Some computers have a single-user OS, which means only one person can use the computer at a time. Many older OSes (like DOS) can also do only one job at a time. But almost any computer can do a lot more if it has a multiuser, multitasking operating system like UNIX. These powerful OSes let many people use the computer at the same time and let each user run several jobs at once.
UNIX was invented almost 30 years ago for scientific and professional users who wanted a very powerful and flexible OS. It’s been significantly developed since then. Because UNIX was designed for experts, it can be a bit overwhelming at first. But after you get the basics (from this book!) you’ll start to appreciate some of the reasons to use UNIX:
It comes with a huge number of powerful application programs. You can get many others for free on the Internet. (The GNU utilities, freely available from the Free Software Foundation, are very popular.) You can thus do much more at a much lower cost.

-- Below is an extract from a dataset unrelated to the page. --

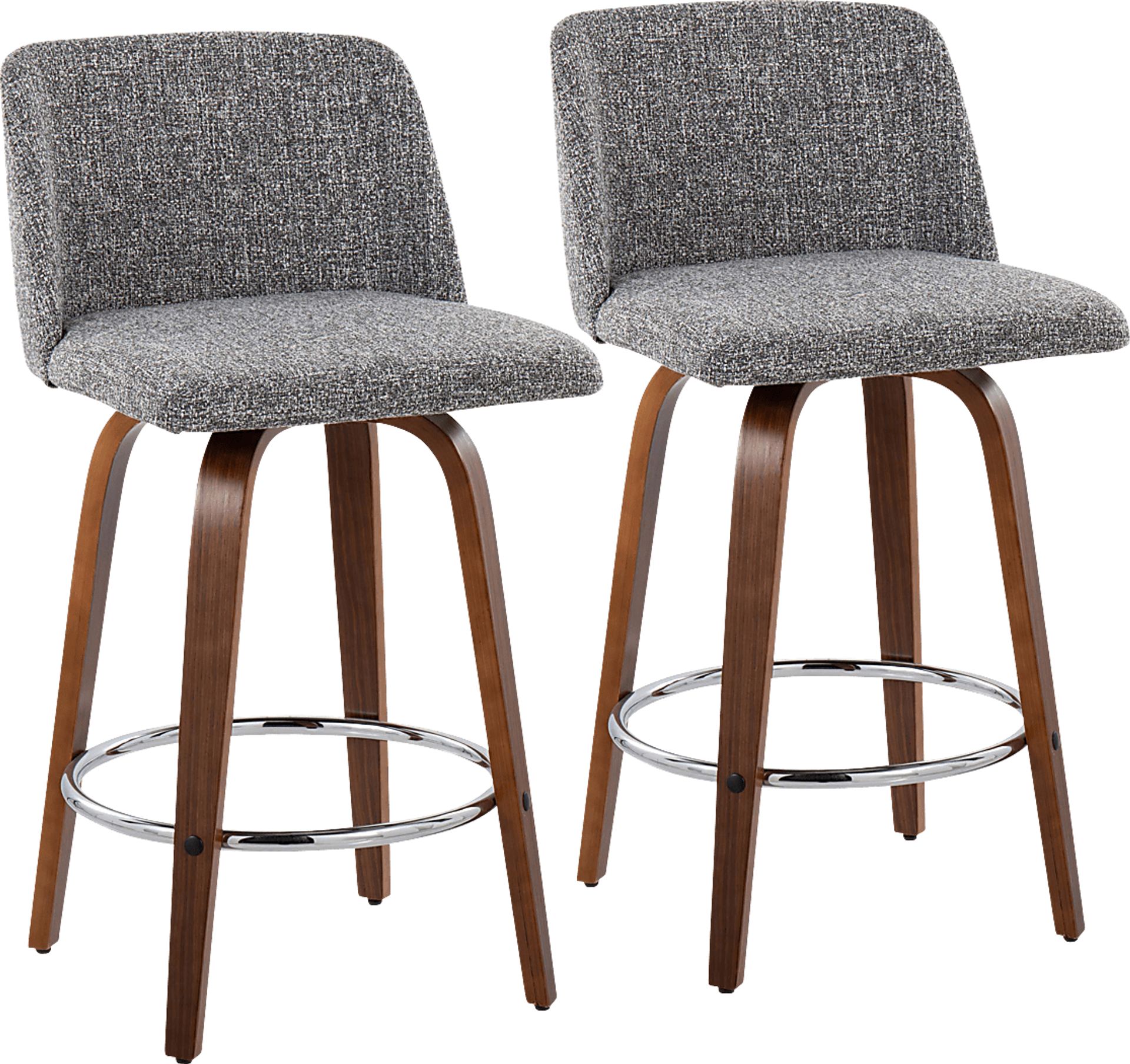 Clyo II Gray Counter Stool Set of 2 - Image 1
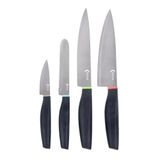 Conjunto De 4 Facas Kitchen Em Aço Inox Kenya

Not only are the applications often free, but some versions of UNIX itself are also free. Linux is a good example. Like the free applications, these free versions of UNIX are usually of excellent quality. They’re maintained by volunteer programmers who want a powerful OS and are frustrated by the slow, bug-ridden development of OSes at big companies.
Much of the development of the Internet was done on UNIX systems. Many Internet web sites and Internet service providers use UNIX because it’s so powerful, flexible, and inexpensive.
UNIX runs on almost any kind of hardware. After you learn UNIX on one system, you’ll know how to use it on any other system.